(The task):
Give again exactly the lines that run from the start of the records to the line holding "1124 SE 31st", both ends counted. Do not include the pictures.

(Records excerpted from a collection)
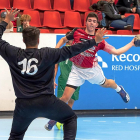 El juvenil PabloSanz de Nicolás busca desde el extremo batir al portero de la selección andaluza.-PABLO REQUEJO
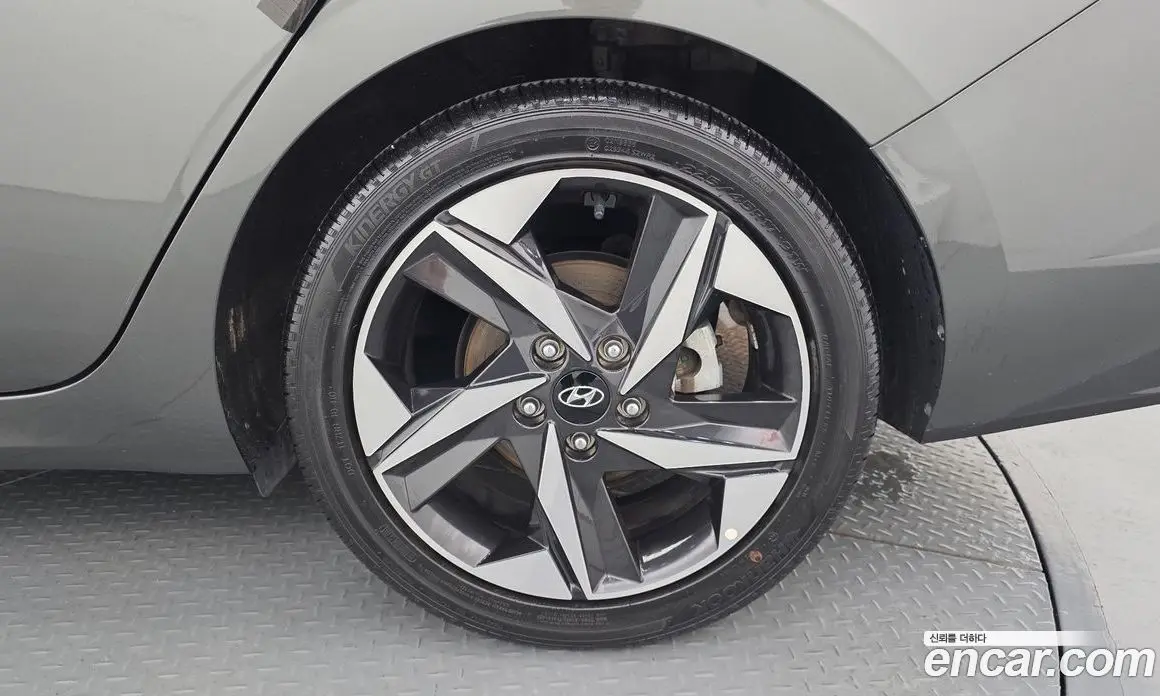 Hyundai Avante 2022 1.6 автомат (гидро), фото 7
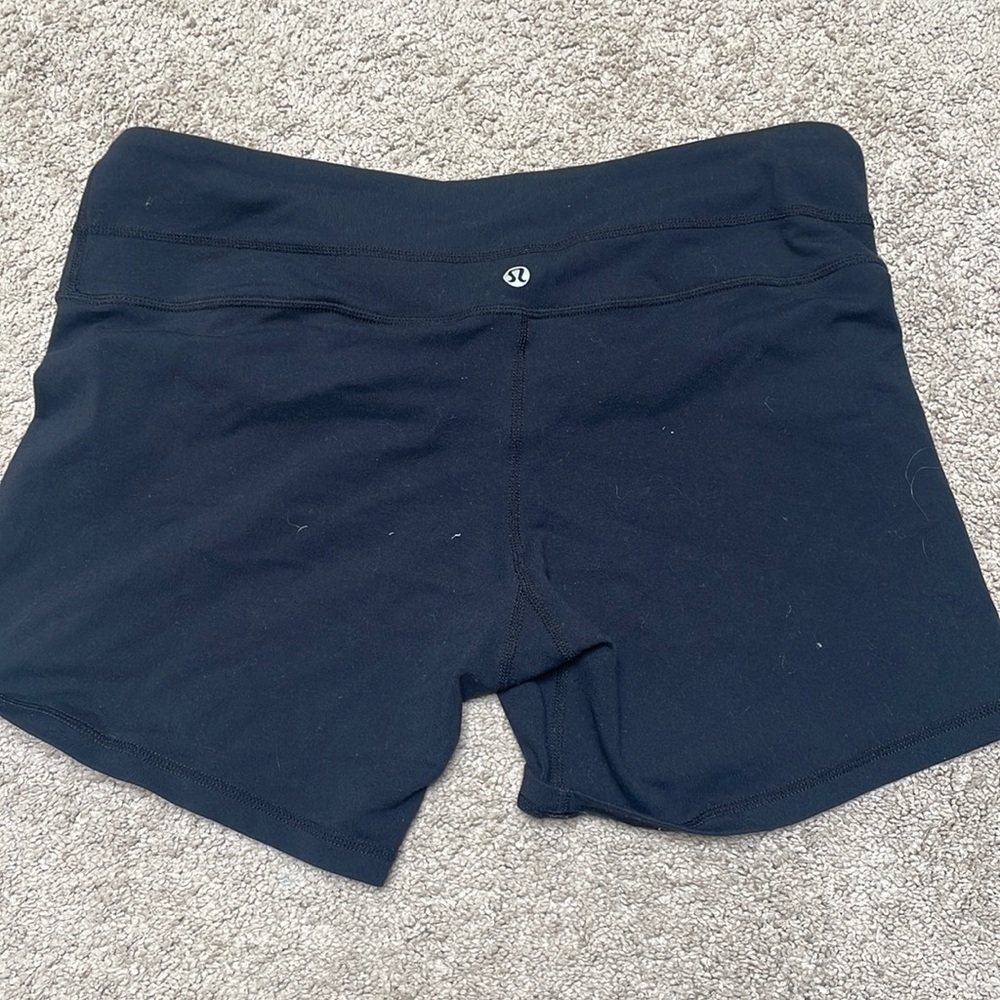 Lululemon spandex shorts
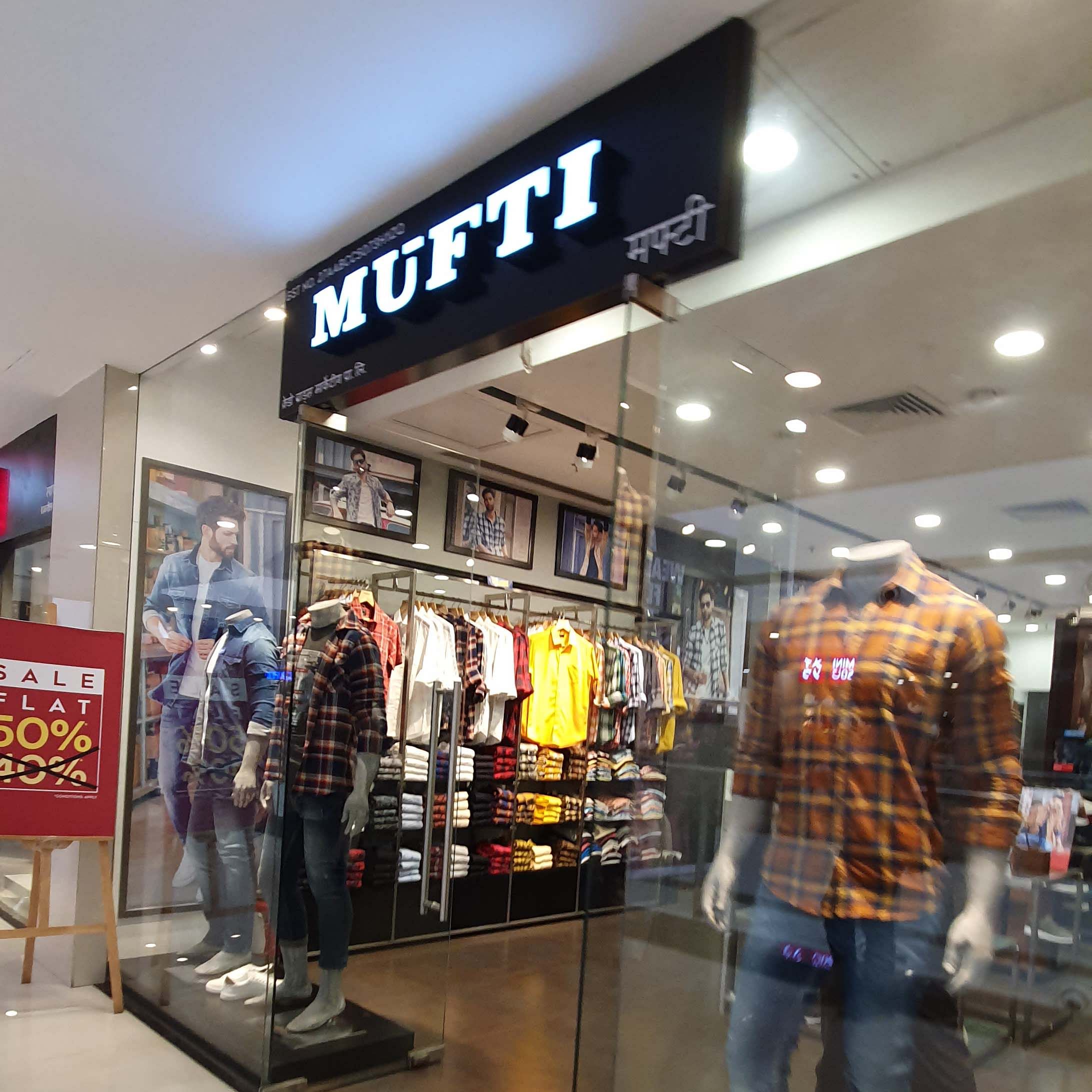 Outlet store,Product,Building,Retail,Footwear,Shopping mall,Boutique,Sportswear,Shopping,Shoe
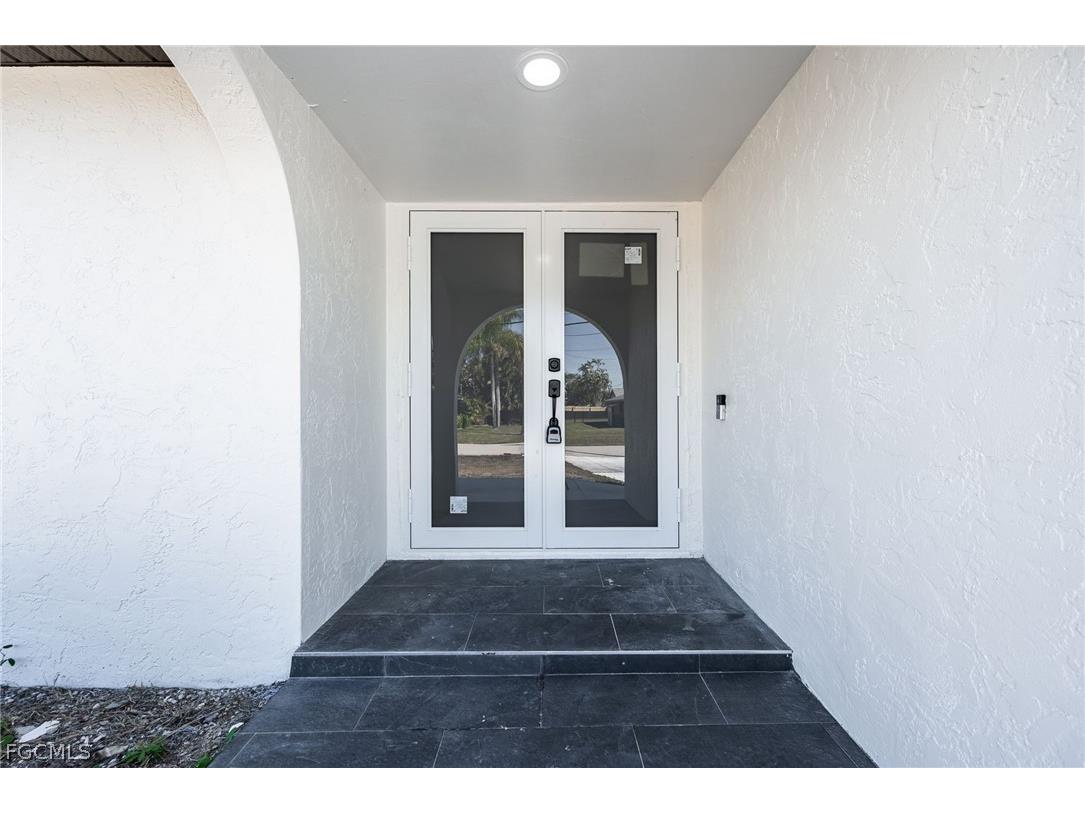 1124 SE 31st Street Cape Coral FL 33904 2026009474 image4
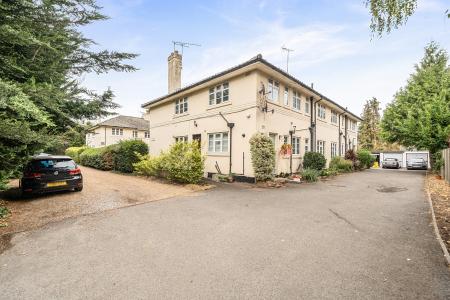 2 bedroom Maisonette to let in Oldfield Road, Maidenhead, SL6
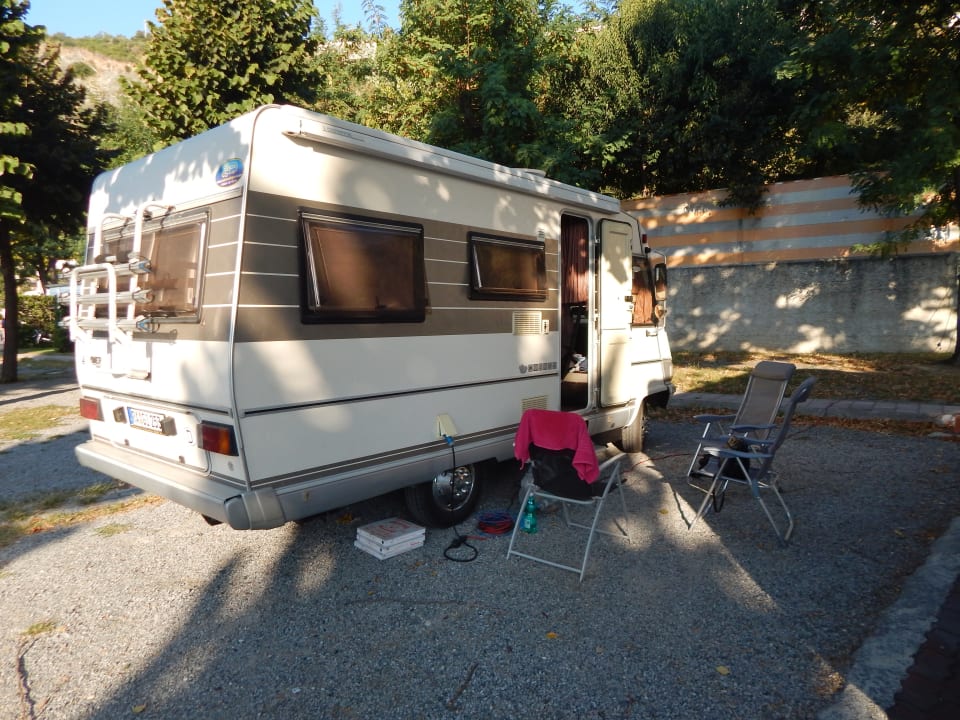 Zimmer Caravan Park La Vesima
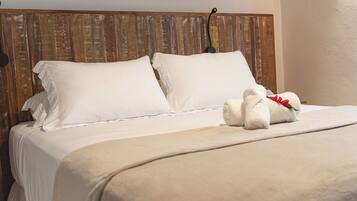 Deluxe Triple Room | Desk, laptop workspace, free WiFi, bed sheets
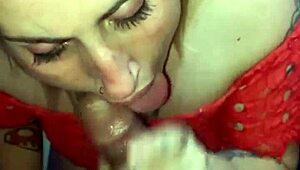 Me gusta que me COJAN la garganta y me DEN de perrito por mi chincheta mojada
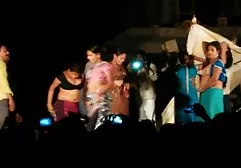 Fette Schlampe mit dicken Titten lutscht fickfilme in hd einen riesigen Schwanz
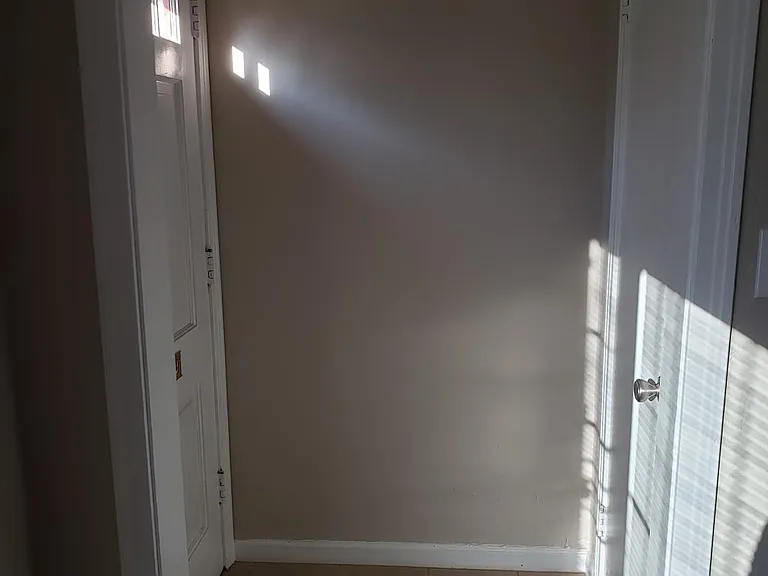 2215 Somerset Dr — Photo 10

(Task response):
 El juvenil PabloSanz de Nicolás busca desde el extremo batir al portero de la selección andaluza.-PABLO REQUEJO
 Hyundai Avante 2022 1.6 автомат (гидро), фото 7
 Lululemon spandex shorts
 Outlet store,Product,Building,Retail,Footwear,Shopping mall,Boutique,Sportswear,Shopping,Shoe
 1124 SE 31st Street Cape Coral FL 33904 2026009474 image4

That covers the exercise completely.